Virgin Active eyes £1bn sale as an alternative to floating
VIRGIN ACTIVE, the gym chain owned by Sir Richard Branson, is considering a secondary private equity sale that could value the business at £1bn.
Virgin is known to have been considering an initial public offering (IPO) as a way of raising capital for growth for some time, but stockmarket turbulence has made that route less appealing. In the past couple of months, the company has instead engaged in serious discussions with buyout houses – thought to include Advent, Blackstone, CVC and KKR – with a view to selling between 30 and 40 per cent of the firm’s equity.
Virgin, which is being advised by Goldman Sachs and Citigroup, owns 70 per cent of Virgin Active. The remainder is held by management and private equity players Bridgepoint and Permira, a legacy of Virgin’s takeover of Holmes Place.

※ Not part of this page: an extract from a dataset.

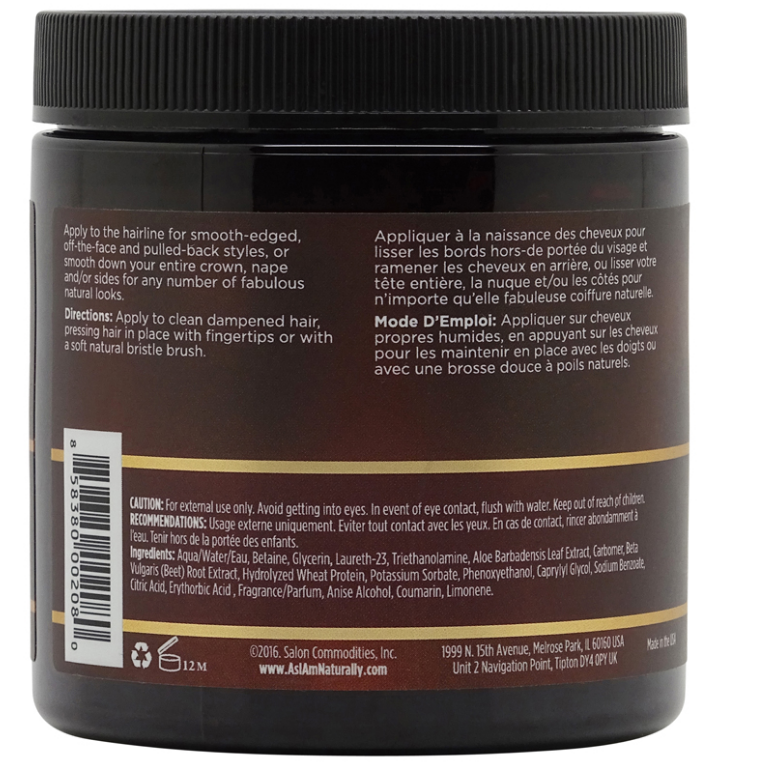 As I Am Smoothing Gel with Aloe Vera , Sugar Beet Root, Vegetables Glycerine and WProtein 227g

Virgin Active has 187 clubs and close to 1m members in Britain, Italy, Portugal, South Africa and Spain. Last year it generated earnings of £101m on sales of £391m.
The secondary buyout talks are at an early stage, but it is understood Virgin wants to raise cash to make acquisitions as many of its competitors have suffered difficult trading. While an IPO remains an option, a private equity sale is seen as a likelier option in current markets.